**Your assignment**
Set down the data below without change, skipping the pictures it holds.

**Data segment**
+===+

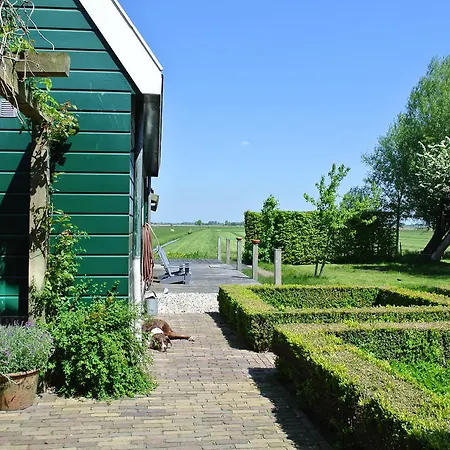 Holiday home Skaap Amsterdam Waterland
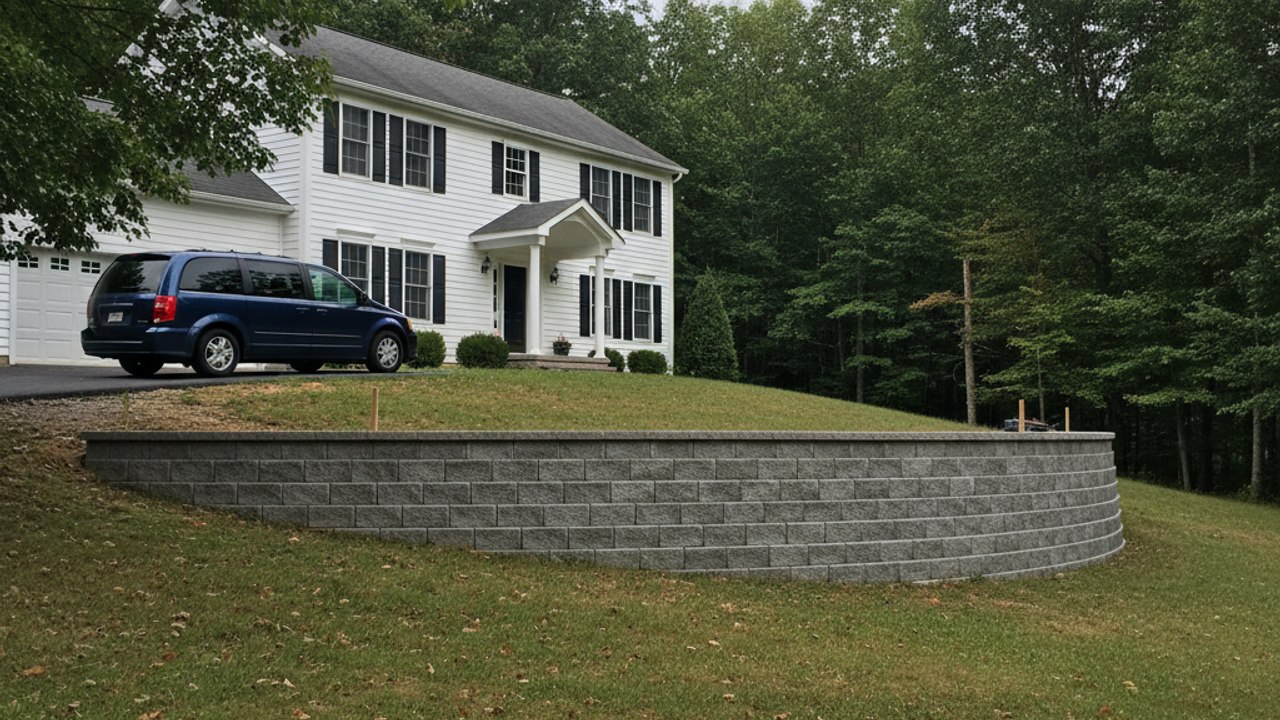 Concrete Sidewalks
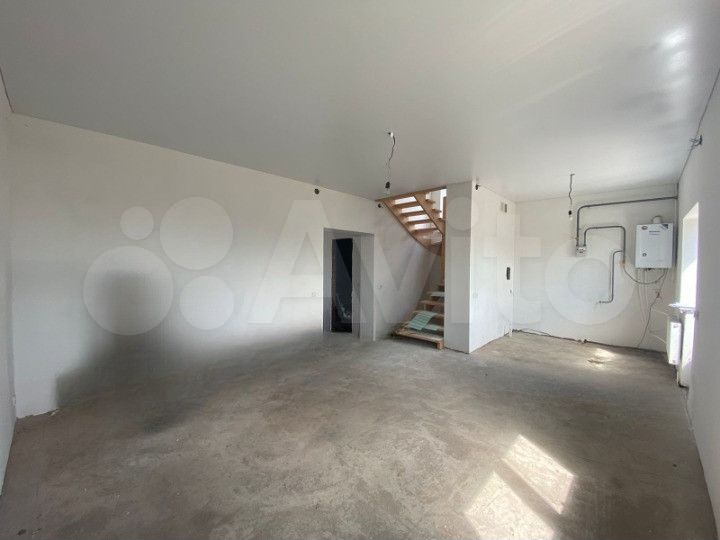 Таунхаус 117 м² на участке 6 сот.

+===+

**Answer section**
 Holiday home Skaap Amsterdam Waterland
 Concrete Sidewalks
 Таунхаус 117 м² на участке 6 сот.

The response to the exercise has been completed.